DEFENSE Dept. 2008 dismissal of problem
According to the Department of Defense's 2008 "Foreign Sources of Supply" report:
The Department incorporates foreign items and components into many important systems, and in some cases the Department may be dependent upon foreign suppliers for these items. However, this does not mean the Department suffers from a foreign vulnerability. Foreign dependence usually does not equate to foreign vulnerability.
The Department is not vulnerable if it is dependent on reliable foreign suppliers, just as it is not vulnerable when it is dependent on reliable domestic suppliers. The Department of Defense is not aware of any foreign vulnerabilities within its supply chains.

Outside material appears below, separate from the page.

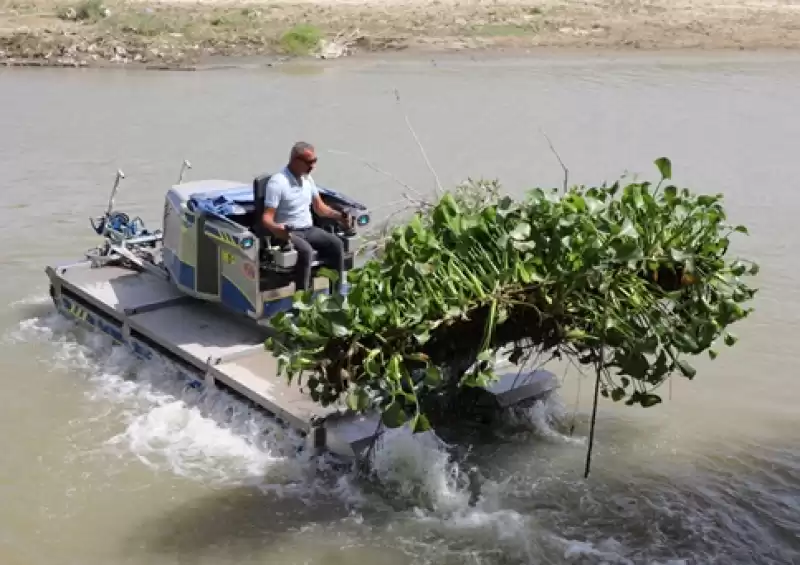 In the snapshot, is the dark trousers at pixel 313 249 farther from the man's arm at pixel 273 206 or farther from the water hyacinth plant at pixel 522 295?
the water hyacinth plant at pixel 522 295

The issue largely escaped the notice of the public, and was not treated as a serious problem by the U.S. government (see sidebar).
Indeed, for many years, China supplied rare earths to U.S. and other manufacturers at a low price. In the middle of last year, however, to fulfill its domestic demand, China cut its export quota of rare earths by 40 percent. The move drove up prices for manufacturers in other countries.
That got some attention. The U.S. Trade Representative’s office quickly denounced China’s actions and threatened to file a complaint with the World Trade Organization. Last year, two proposals were introduced in the House and one in the Senate which focus on jump-starting U.S. production of rare earths and funding research and development to search for alternatives. More recently, some petroleum refiners have expressed concern that the rising cost of rare earths will lead to higher gas prices, because the minerals are also used as catalysts in the process of refining crude oil to produce gasoline.
But why was a vulnerability, now seen as requiring quick and decisive action, not addressed for so many years? Some experts argue that the free-market trade policies the U.S. has pursued did exactly what they were meant to do, and the current U.S. predicament shows that those trade policies may have been misguided.
“The failure of the United States to promote a much more aggressive stance on rare earth [elements] is indicative of the degree to which we are willing to stand idle while our manufacturing industries are stolen from us,” said Robert E. Scott, senior international economist at the Economic Policy Institute. “There’s no doubt that the promotion of free trade agreements has been tremendously destructive to U.S. manufacturing.”
Abundant, altogether essential, but traditionally messy
The minerals called “rare earths” are not actually rare; in fact they’re quite abundant. According to a recent report by the U.S. Geological Survey, there are nearly 100 million metric tons of rare earths in the earth’s crust, 13 million of which are in the U.S.
The report also identifies 28 sites in 15 states where rare earths might be mined domestically, including the Mountain Pass Mine in California, though it says that its unclear how much of them can be mined profitably.
Other agencies have recently chimed in to show how important rare earths are for a range of manufacturing industries. The Congressional Research Service issued a report last September outlining a number of commercial applications, and the Department of Energy followed in December, listing a range of green technologies that are dependent on rare earths.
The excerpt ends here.